Sequence analyses of the Alphaproteobacteria suggest BamD (YfiO) has at least five TPR motifs and BamB (YfgL) could have a β-propeller structure. (a) BamD (YfiO) sequences from Alphaproteobacteria were analysed with three independent TPR prediction strategies (SMART, http://smart.embl-heidelberg.de/; HHpred, http://toolkit.tuebingen.mpg.de/hhpred; and TPRpred, http://toolkit.tuebingen.mpg.de/tprpred), revealing the presence of five TPR motifs in various Alphaproteobacteria, including Rickettsia, Caulobacter and Mesorhizobium. The TPR is a degenerate motif with very few strictly conserved positions – the position of the consensus residues G–Y–A–F–P are shown. Although TPR signatures are not clear in all BamD sequences (such as the one from Escherichia coli), clustalw aligns the BamD homologs readily and at least some of the key residues found in TPR motifs are evident in all species. The alignment corresponding to the first TPR motif (‘TPR1’) is shown. (b) BamB (YfgL) sequences from Alphaproteobacteria were analysed with SMART to determine the presence of seven or eight β-propeller motifs. Homology searching using HHpred suggests BamB from E. coli is most similar to proteins with an eight-bladed β-propeller fold. Each of the blades would interact via hydrophobic contacts (heavy black line) and the outer β-strand can make additional hydrogen bond contacts (red lines). BamB from E. coli can readily be modelled using six of the β-propeller structures in the Protein Data Bank (2AD6, 1YIQ, 1KB0, 1W6S, 1FLG and 1KV9) as template structures. The model structure of BamB is shown from two views. In this structural model the three mutations in BamB (L173, L175, and R176; the Cα atoms of each are highlighted as orange spheres), that cause defects for docking to the POTRA domains of BamA (Vuong et al., 2008), come together in one of the β-propeller motifs.

Fig. 5

Assembly pathways for β-barrel proteins in mitochondria and Alphaproteobacteria. In eukaryotes, β-barrel proteins are translated in the cytosol, transported across the mitochondrial outer membrane by the TOM complex and passed to the inner surface of the SAM complex for assembly.
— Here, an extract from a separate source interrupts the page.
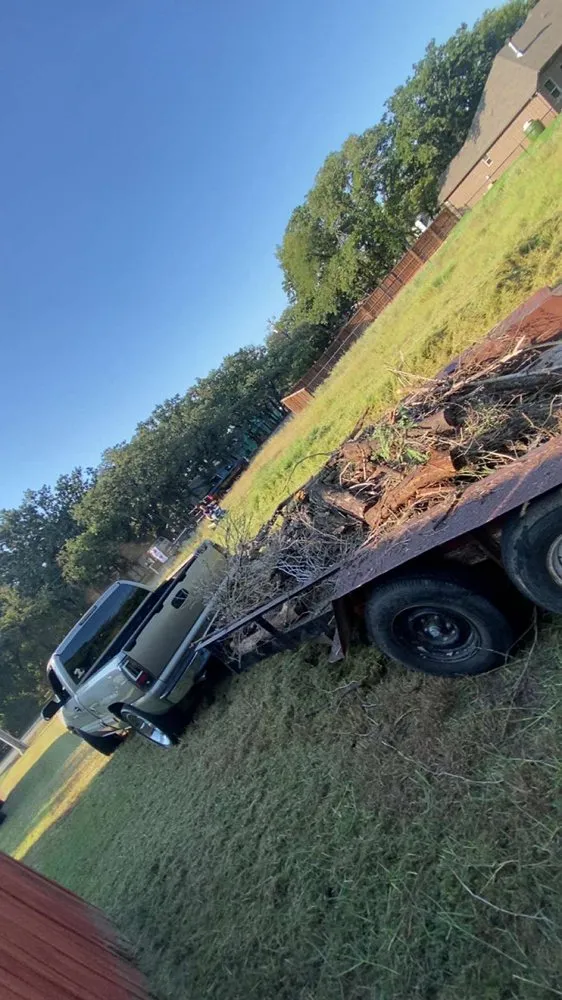 Expert garden landscaping experts serving Benbrook, TX - J Landscaping Hardscape & Concrete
Passage through the intermembrane space depends on tiny TIM chaperones, such as the Tim9/10 complex (Pfanner et al., 2004; Paschen et al., 2005; Bolender et al., 2008). The final steps of assembly depend on the metaxins, Sam35 and Sam37 (‘35’ and ‘37’), on the outer face of the membrane (Pfanner et al., 2004; Paschen et al., 2005; Bolender et al., 2008; Chan & Lithgow, 2008). The Rickettsia are considered the closest living relatives to the progenitor of mitochondria, and use a BAM complex mechanism largely equivalent to that found in other bacteria.